You can generally start at a door or window, expose the tongue side of the board, set the nails, remove the piece, move on to the next piece. The groove side of the panel has (generally) no fasteners, so as soon as the tongue side is freed, so is the panel. Sometimes some pressure under the tongue (a la wrecking bar) will assist, but that also may rip the tongue off, depending upon the species.
Under the wood? I would guess that all you would see would be the studs, if this is on conventional framing. Most "real" paneling of the day didn't use any substrate, just block in between the studs every so often and nail it up. Removal "may" be just as simple.
Contractor recommendations? As you want to save this as "heirloom quality" lumber, I'd say someone with experience. Check out references. An explanation of what you want and why may yield some enlightening answers.
Good luck, and would love to see some before and after pics.
Rich
Thanks, Rich. You make it sound easy. I'm on my way there today and I'll do a little testing to see how it's constructed. There's a good contractor who's done a lot of other work on the house and I'll ask if he's done any similar jobs. The camera's ready to shoot. I appreciate the advice. Can't imagine someone moving in and painting over "all that heavy dark wood to get some goo light in here" and not knowing what they've got nor what they've done!
-Steve
You got me drooling. How many Sg FT?
I have salvaged a lot of wood. There is usually a starting point, floor/ceiling or as mentioned a door/window, were you can get the first piece out and the rest should come easy.
Drive nails thru or if they come out pull them thru don't pul them back thru the face less damage. A thin wrecking bar, nail cutters and a dust mask and you should be good.
The best part is what is buried in the wall, like old newspapers with serlion steak at ,35 cents a pound or a new car for $2.400.00.
Just be glad they did not have PL Premium back then.
Good luck
A VERY rough guess is 1000 - 1500 sq ft all together attached, it appears, more 3/4" hardwood. Any ideas why that might be done that way? Any ideas on where to sell any excess or at what cost? Thanks for the several suggestions on how to salvage it.
-Steve
Why was it done that way? I often wonder my self. Maybe it was a left over and got a good deal on it :). Or payment for work?
As for resale. Craig's list? Do you have enough space to store it?My salvage pile is low so If I were closer I would come a grab some.
As for price depends on who. is there someone who does antique restoration's near who. they would value it more than others.Pics?
Another possibility for the "why?" is reclaimed wood from a hotel remodel. Back in the late 1800s, my great grandfather reclaimed enough wood from a remodel of one of the fancy hotels to double the size of their home in Pasadena.

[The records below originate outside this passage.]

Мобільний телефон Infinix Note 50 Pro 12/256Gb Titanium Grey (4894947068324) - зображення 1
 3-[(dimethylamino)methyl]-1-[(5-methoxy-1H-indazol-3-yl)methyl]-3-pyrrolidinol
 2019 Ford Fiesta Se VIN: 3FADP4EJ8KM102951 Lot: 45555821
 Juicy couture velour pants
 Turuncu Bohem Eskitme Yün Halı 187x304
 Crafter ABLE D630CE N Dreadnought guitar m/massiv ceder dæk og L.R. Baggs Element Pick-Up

Steve, I salvage a lot of wood as well,and just wanted to add a little trick we have used for years to the already good advise you have been given.the basic key is try to figure out where the installer stopped or finished ,working back from that point causes the least amount of damage .Once the first couple of boards are removed I make wooden wedge's starting at about 6" long and up to 16" or so ,pry the first board gently enough to start the wedge's . continue hammering in the wedges ,this method lifts a few boards at a time as well as leaving many of the nails in the wall which are simply hammered in (or pulled if you wish)then use nail pulling pliers from the back of the peace to remove the remaining nails as mention by an other poster.